--- WORK ORDER ---
Begin at the line containing "Standard Room, 1 King Bed - Photo 2" in the entries below and end at the line containing "2015-ford-f150-image-25"; transcribe that range exactly and nothing outside it.

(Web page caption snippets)
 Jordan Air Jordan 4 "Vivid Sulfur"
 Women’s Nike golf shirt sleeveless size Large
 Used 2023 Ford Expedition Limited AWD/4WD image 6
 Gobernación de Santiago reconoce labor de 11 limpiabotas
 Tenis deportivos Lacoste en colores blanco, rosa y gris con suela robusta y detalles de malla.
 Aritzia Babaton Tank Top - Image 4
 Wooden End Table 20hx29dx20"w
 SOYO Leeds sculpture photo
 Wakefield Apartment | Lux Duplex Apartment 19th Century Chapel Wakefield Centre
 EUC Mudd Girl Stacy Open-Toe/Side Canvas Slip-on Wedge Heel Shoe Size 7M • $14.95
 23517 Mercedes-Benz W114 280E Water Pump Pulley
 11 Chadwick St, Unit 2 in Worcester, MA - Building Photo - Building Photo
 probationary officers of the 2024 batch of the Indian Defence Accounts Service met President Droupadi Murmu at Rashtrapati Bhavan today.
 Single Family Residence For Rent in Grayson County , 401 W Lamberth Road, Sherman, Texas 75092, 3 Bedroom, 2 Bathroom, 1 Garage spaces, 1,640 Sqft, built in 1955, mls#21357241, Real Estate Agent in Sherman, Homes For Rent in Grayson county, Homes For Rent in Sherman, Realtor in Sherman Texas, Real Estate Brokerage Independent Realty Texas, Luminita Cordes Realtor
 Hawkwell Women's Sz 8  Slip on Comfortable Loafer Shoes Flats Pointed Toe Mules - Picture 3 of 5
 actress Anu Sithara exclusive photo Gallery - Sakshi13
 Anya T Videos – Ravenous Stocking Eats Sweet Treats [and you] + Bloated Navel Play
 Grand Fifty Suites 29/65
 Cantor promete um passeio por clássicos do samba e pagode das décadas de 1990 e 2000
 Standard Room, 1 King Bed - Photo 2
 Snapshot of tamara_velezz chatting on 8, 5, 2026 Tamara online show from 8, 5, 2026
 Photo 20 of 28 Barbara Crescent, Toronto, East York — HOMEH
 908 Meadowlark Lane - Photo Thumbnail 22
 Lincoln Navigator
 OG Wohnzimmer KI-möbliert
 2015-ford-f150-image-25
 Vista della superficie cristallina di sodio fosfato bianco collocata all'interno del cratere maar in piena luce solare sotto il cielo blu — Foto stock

--- ANSWER BELOW ---
 Standard Room, 1 King Bed - Photo 2
 Snapshot of tamara_velezz chatting on 8, 5, 2026 Tamara online show from 8, 5, 2026
 Photo 20 of 28 Barbara Crescent, Toronto, East York — HOMEH
 908 Meadowlark Lane - Photo Thumbnail 22
 Lincoln Navigator
 OG Wohnzimmer KI-möbliert
 2015-ford-f150-image-25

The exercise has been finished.